### Instructions to follow
Counting the line with "सीएम योगी ने" as the last one, copy out the lines of the data exactly from the first onward.

:: Given data ::

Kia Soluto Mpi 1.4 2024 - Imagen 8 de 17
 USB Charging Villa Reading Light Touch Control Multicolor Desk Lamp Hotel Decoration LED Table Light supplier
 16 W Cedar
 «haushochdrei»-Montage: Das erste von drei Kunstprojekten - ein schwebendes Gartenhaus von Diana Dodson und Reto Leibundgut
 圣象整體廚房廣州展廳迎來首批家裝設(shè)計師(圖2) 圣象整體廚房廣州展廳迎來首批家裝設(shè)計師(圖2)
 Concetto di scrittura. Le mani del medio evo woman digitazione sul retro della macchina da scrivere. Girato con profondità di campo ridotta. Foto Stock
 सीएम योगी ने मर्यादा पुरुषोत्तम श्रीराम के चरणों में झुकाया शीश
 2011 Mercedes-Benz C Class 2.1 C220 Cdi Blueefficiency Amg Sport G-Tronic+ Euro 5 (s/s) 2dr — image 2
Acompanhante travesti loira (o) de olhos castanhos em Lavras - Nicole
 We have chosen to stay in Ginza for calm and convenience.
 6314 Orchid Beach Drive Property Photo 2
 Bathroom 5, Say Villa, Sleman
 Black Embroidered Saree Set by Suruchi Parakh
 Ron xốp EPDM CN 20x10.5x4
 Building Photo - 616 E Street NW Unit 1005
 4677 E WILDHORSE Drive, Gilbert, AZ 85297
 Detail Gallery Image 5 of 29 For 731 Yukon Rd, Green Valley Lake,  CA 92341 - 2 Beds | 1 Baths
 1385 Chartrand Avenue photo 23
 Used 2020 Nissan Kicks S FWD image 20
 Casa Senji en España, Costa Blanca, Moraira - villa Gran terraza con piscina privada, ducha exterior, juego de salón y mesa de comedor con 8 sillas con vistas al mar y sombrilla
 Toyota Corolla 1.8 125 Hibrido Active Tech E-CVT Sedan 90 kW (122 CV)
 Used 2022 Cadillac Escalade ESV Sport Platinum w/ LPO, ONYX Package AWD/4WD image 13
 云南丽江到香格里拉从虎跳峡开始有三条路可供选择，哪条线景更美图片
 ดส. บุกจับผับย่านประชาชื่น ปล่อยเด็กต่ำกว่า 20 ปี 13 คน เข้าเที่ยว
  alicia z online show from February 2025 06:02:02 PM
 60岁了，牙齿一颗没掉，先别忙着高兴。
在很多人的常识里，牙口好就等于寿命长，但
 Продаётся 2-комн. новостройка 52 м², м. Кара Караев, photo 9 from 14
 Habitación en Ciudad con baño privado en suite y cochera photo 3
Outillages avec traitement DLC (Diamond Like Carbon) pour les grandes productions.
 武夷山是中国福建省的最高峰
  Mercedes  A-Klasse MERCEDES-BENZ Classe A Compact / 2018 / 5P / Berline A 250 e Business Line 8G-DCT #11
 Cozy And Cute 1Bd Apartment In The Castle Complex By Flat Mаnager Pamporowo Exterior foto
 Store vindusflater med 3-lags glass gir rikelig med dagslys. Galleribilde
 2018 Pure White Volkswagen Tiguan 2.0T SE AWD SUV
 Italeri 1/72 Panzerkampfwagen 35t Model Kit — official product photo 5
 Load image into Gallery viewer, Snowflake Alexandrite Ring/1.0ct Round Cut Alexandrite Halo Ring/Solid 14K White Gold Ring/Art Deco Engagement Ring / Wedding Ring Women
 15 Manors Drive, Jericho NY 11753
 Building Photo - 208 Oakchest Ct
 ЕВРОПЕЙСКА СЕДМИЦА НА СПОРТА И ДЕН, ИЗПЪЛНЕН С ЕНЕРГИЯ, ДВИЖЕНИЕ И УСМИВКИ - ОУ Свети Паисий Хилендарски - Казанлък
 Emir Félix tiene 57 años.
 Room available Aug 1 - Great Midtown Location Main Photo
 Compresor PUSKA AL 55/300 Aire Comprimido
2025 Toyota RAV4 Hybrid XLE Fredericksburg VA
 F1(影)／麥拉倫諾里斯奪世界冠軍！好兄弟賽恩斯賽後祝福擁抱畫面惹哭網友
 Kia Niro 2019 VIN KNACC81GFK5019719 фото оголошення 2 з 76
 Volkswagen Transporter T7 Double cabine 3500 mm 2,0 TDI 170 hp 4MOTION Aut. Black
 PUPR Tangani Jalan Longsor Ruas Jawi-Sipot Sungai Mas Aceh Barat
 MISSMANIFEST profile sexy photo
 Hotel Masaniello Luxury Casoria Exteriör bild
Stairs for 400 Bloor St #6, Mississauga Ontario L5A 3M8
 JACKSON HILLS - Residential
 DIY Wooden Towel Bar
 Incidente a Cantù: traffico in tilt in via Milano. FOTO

:::

### Result for this exercise
Kia Soluto Mpi 1.4 2024 - Imagen 8 de 17
 USB Charging Villa Reading Light Touch Control Multicolor Desk Lamp Hotel Decoration LED Table Light supplier
 16 W Cedar
 «haushochdrei»-Montage: Das erste von drei Kunstprojekten - ein schwebendes Gartenhaus von Diana Dodson und Reto Leibundgut
 圣象整體廚房廣州展廳迎來首批家裝設(shè)計師(圖2) 圣象整體廚房廣州展廳迎來首批家裝設(shè)計師(圖2)
 Concetto di scrittura. Le mani del medio evo woman digitazione sul retro della macchina da scrivere. Girato con profondità di campo ridotta. Foto Stock
 सीएम योगी ने मर्यादा पुरुषोत्तम श्रीराम के चरणों में झुकाया शीश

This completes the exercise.